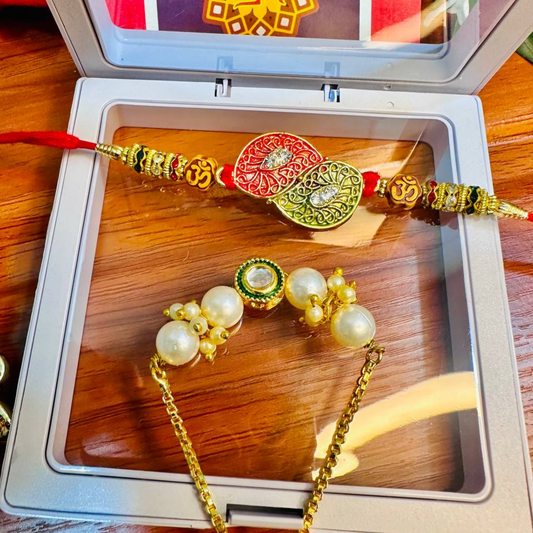 Designer Bhaiya Bhabhi Rakhi Set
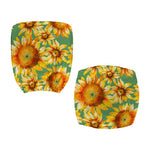 Sage Watercolor Sunflower Pattern Print Office Chair Cover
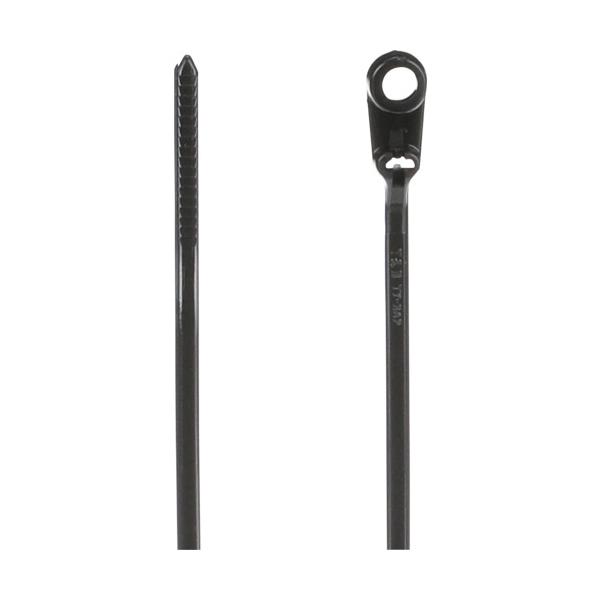 TY-Rap 結束バンド パネル固定用 耐候 黒色 取付穴径4.4mm 幅3.5×長さ151mm 1000本入り TY34MX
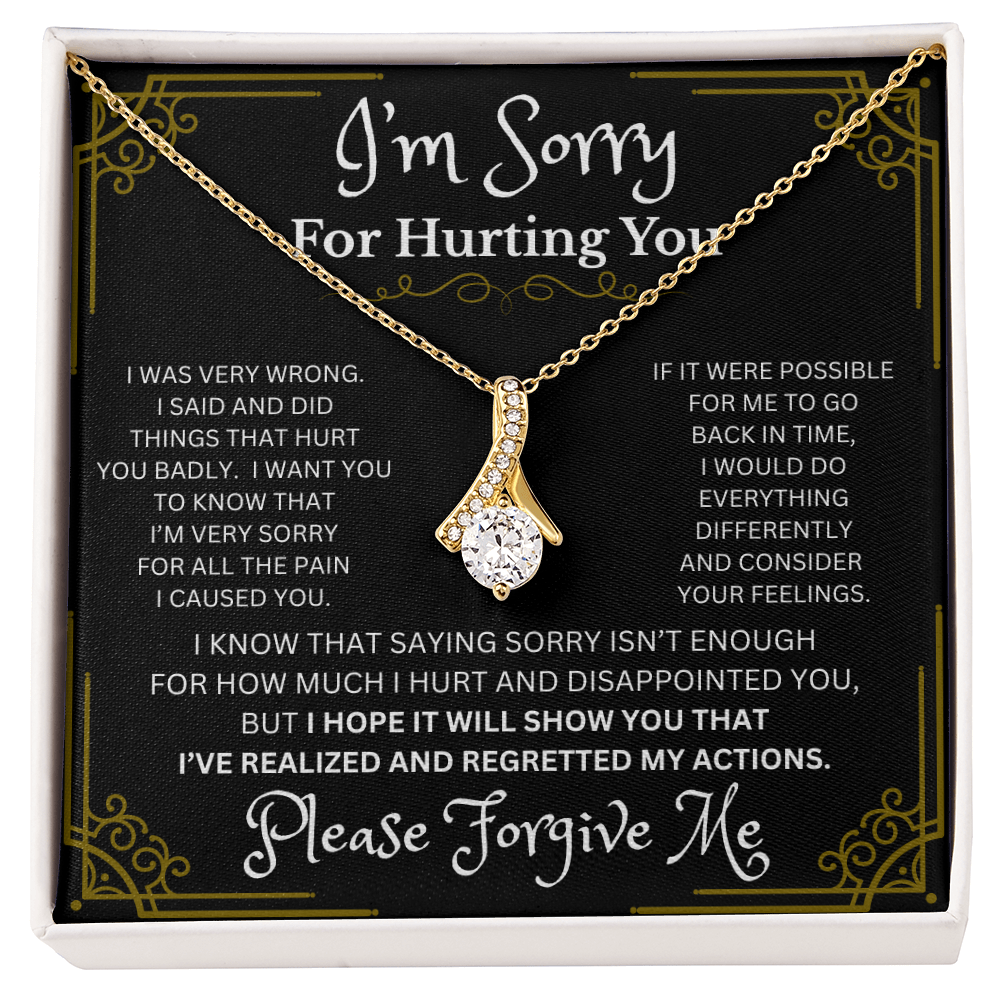Alluring Beauty Necklace - Please Forgive Me Gold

++++

• _Exercise objective_: Quote exactly the lines from the one that contains "Sage Watercolor Sunflower" through the end of the listing above, both ends included, leaving out the pictures.

• _Solution for this task_:
 Sage Watercolor Sunflower Pattern Print Office Chair Cover
 TY-Rap 結束バンド パネル固定用 耐候 黒色 取付穴径4.4mm 幅3.5×長さ151mm 1000本入り TY34MX
Alluring Beauty Necklace - Please Forgive Me Gold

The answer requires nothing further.